I caught this Actors Being Charming trifle and I have been thinking about the bit at 0:22 where DeVito jokes about being sweet on Michelle Pfeiffer as Catwoman in Batman Returns (1992).




I watched it bracing myself a little for the moment it would turn sour.

To my eyes, it didn’t. Farrell & DeVito conspired to joke at DeVito’s expense rather than at Pfeiffer’s. I could easily be wrong when I imagine most women watching that bit and having a similarly generous read; I’m just a fella who tries to pay attention. Nor do I want to give the guys a gold star for Not Being Utterly Terrible; that is too low a bar. F’rinstance, it seems unmistakable to me that respect for Pfeiffer as an actor animates the whole exchange, but in the world we have they would have done well to name that more explicitly.

But still — I enjoyed the silly and innocent note.
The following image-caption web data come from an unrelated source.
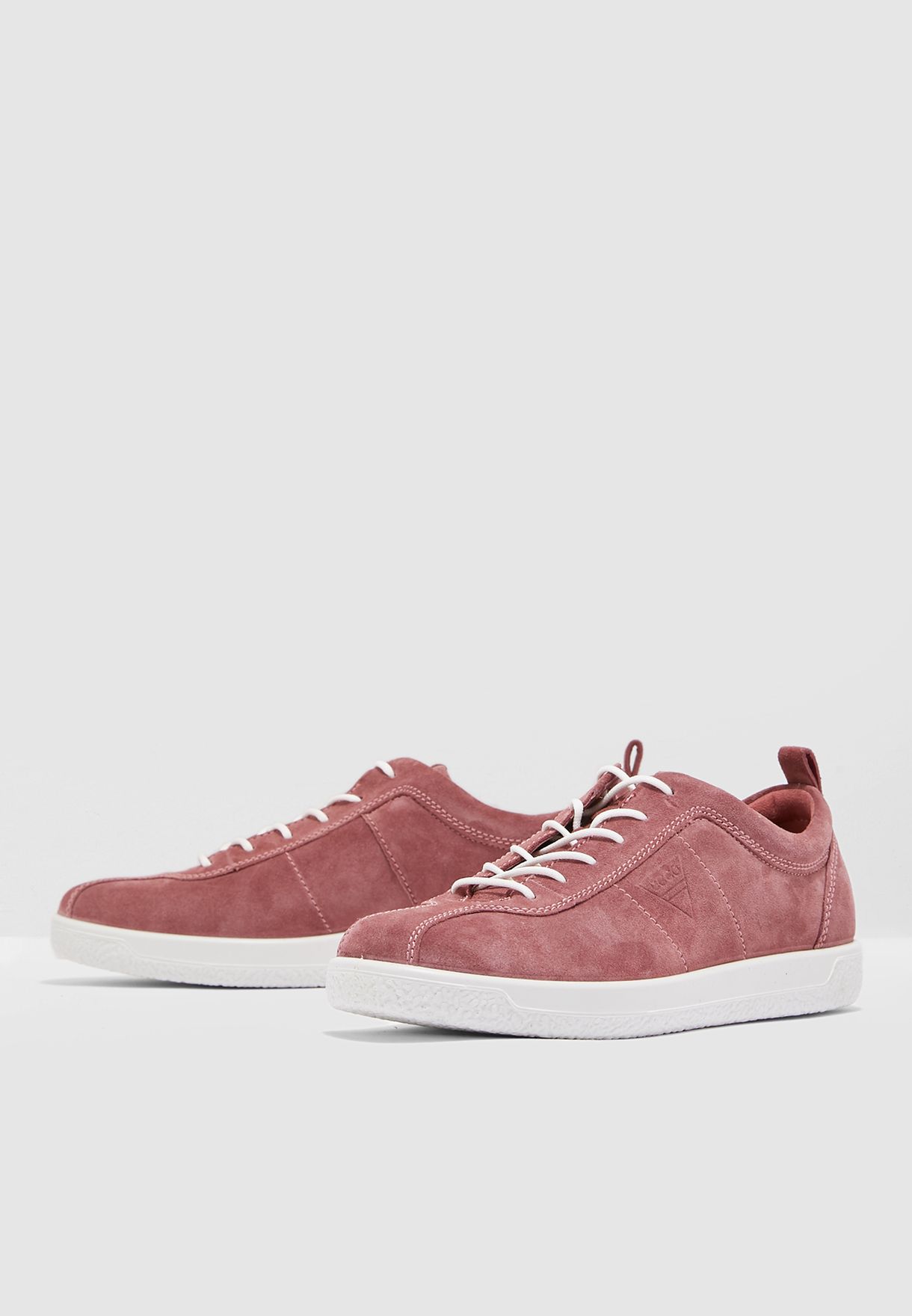Buy Ecco pink Casual Suede Sneaker 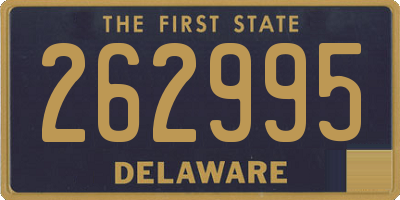 DE license plate 262995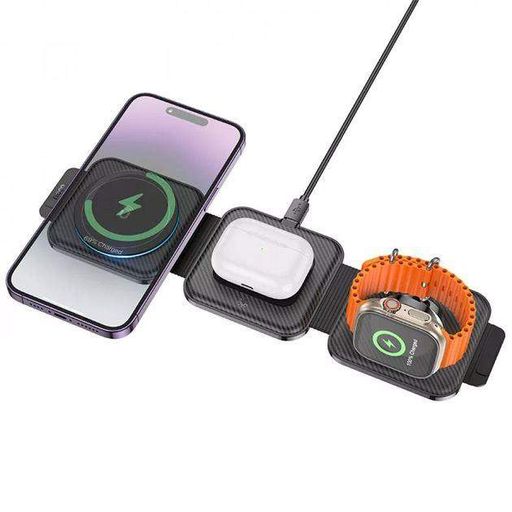 Зарядна станція Hoco CQ4 Unique 3-in-1 Qi (2073986)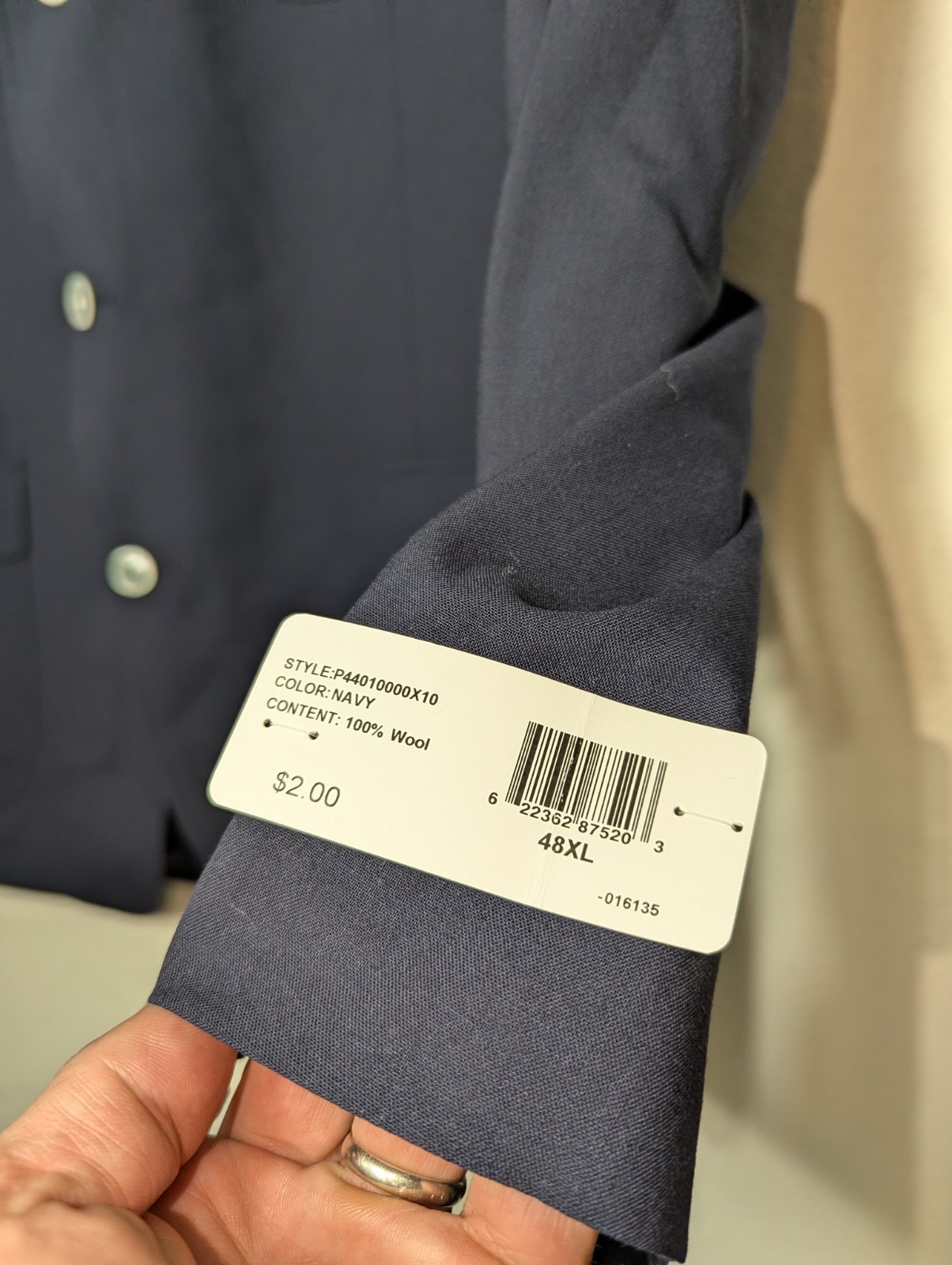 Polo Ralph Lauren Blazer Navy 100percent Wool Official 2008 USA Olympic Blazer 48 XL image 4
In a sexist world, I imagine most women cannot enjoy it the same way, suffering a much stronger version of the dread of the joking taking a bad turn … and I expect that some women are raw enough from countless wrongs that the bit does not land as fun.

Social justice advocacy culture sometimes forgets how high a bar this sets for navigating these waters. I want us able both to admire the ways Farrell & DeVito were graceful and to examine what they might have done better. To do those in the same breath, in a generous spirit.

Anti-feminists bemoan doing any thinking about this at all. Such a bummer, can’t we just enjoy lighthearted banter? They grumble that taking care to avoid Doing Sexism blunts our ability to take pleasure in what I read those guys trying to do, and I have to grant that there is a little something to their annoyance. But they draw the exact wrong conclusion. A sterile, sexless, That’s Not Funny public sphere — in which DeVito cannot clown about how pretty Michelle Pfeiffer is — is not the goal of the feminist project. Reflection on micro-aggressions et cetera, and taking care to avoid those harms, is an instrument toward a deeper goal.

The feminist project pursues a world in which DeVito could joke safely about being sweet on Michelle Pfeiffer because women are not raw from constant harassment, from constant dehumanizing judgment about their looks, from having the substance of their work ignored, et cetera. That is a world I want to inhabit.